Start of RECORDED DATA

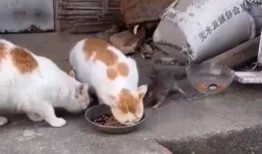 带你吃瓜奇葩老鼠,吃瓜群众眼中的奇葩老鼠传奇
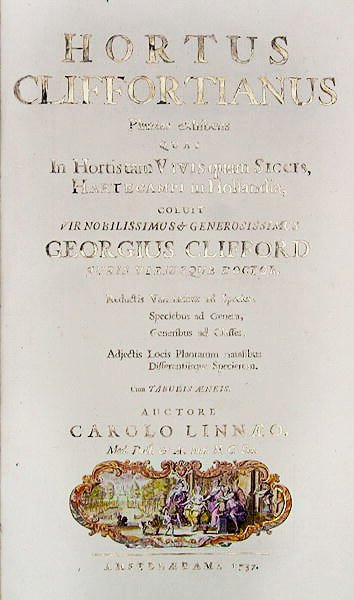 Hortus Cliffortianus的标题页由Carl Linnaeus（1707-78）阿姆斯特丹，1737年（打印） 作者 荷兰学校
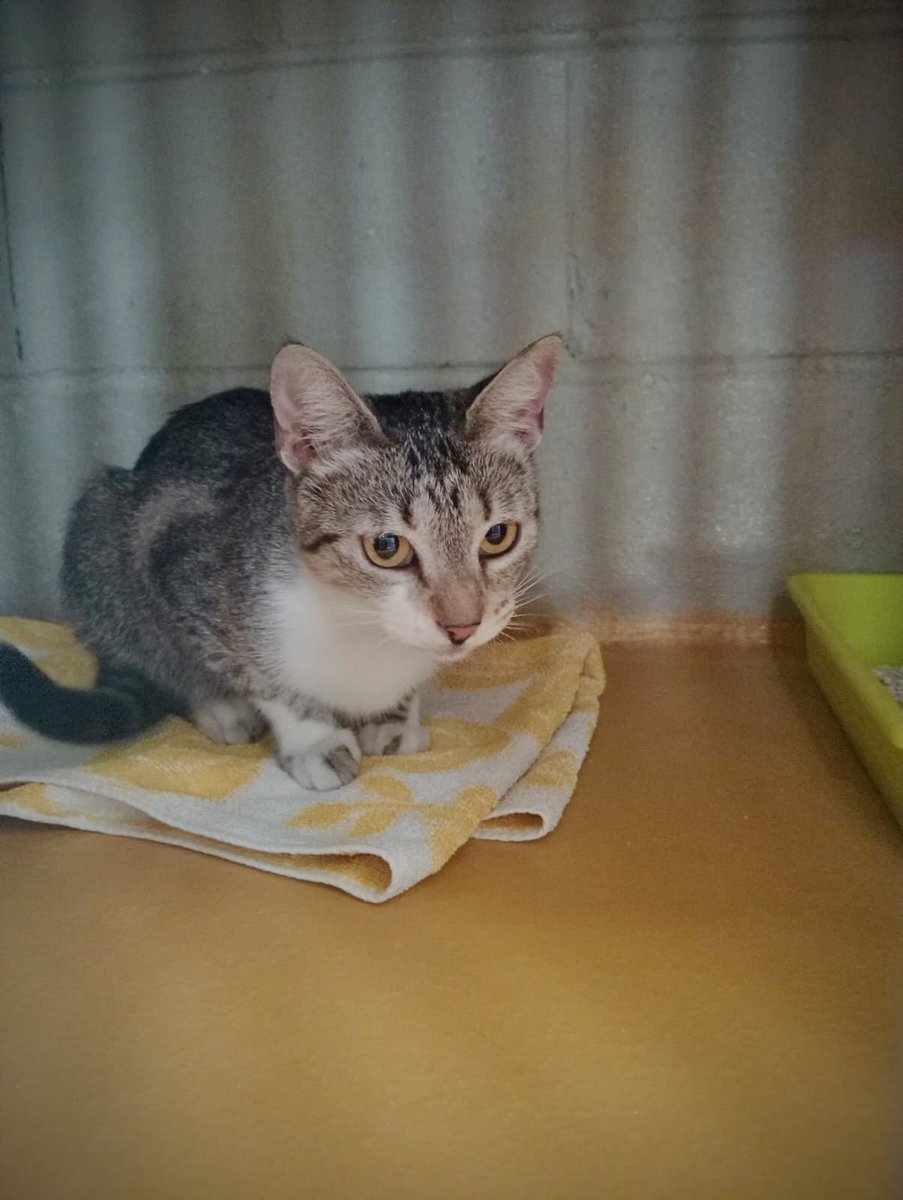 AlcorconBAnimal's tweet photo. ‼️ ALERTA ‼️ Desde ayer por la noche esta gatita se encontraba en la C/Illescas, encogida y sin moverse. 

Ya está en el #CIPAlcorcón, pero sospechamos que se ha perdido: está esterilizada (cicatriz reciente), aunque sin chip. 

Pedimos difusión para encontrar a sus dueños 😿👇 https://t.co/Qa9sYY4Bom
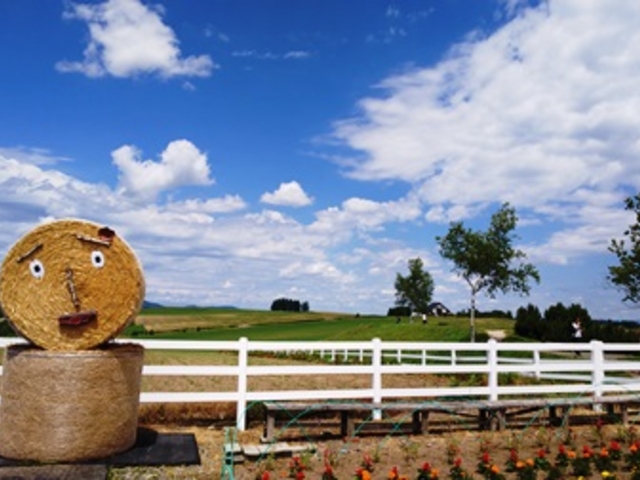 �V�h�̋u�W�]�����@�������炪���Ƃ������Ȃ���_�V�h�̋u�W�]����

End of RECORDED DATA

• ACTION ITEM
Return the lines from the one containing "Pedimos difusión para" through the last line of the records, both included, exactly as written and with no pictures.

• RESPONSE TO THIS TASK
Pedimos difusión para encontrar a sus dueños 😿👇 https://t.co/Qa9sYY4Bom
 �V�h�̋u�W�]�����@�������炪���Ƃ������Ȃ���_�V�h�̋u�W�]����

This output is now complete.